- Opening Delimiter -
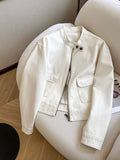 Vintage Biker Women Pu Jackets Streetwear Casual Long Sleeve Y2K Coat American Retro Pockets O Neck Fall Winter Outwear Tops New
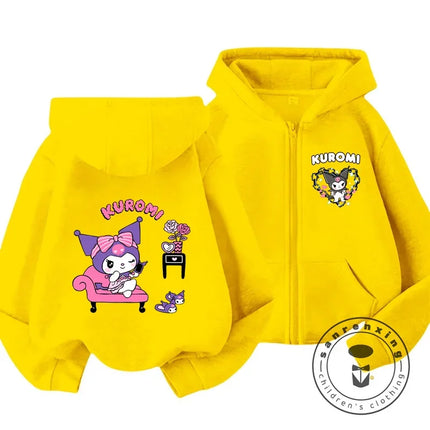 Children's Hoodies Child Sweatshirt Girls Cute Cartoon Hello Kitty Kuromi and Friend Sanrio Animal Printed Kids Zipper Clothes
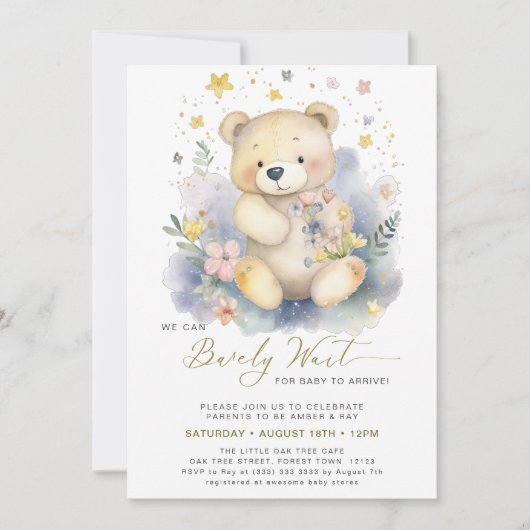 Grün wir können frühzeitig auf Niedliche Girl-Baby Einladung (Vorderseite)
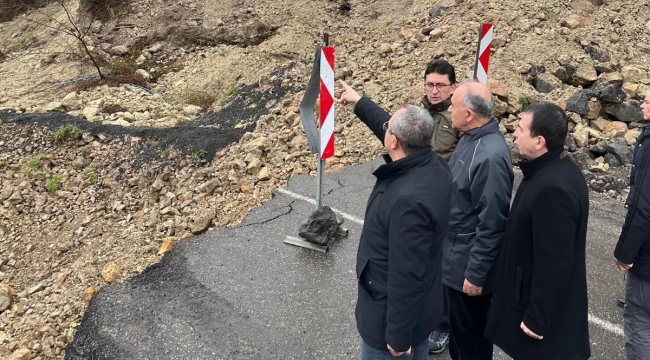 Vali Erol, Heyelan Bölgelerinde İncelemede Bulundu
- Closing Delimiter -
Write out the whole listing again, exactly, with no pictures.

 Vintage Biker Women Pu Jackets Streetwear Casual Long Sleeve Y2K Coat American Retro Pockets O Neck Fall Winter Outwear Tops New
 Children's Hoodies Child Sweatshirt Girls Cute Cartoon Hello Kitty Kuromi and Friend Sanrio Animal Printed Kids Zipper Clothes
 Grün wir können frühzeitig auf Niedliche Girl-Baby Einladung (Vorderseite)
 Vali Erol, Heyelan Bölgelerinde İncelemede Bulundu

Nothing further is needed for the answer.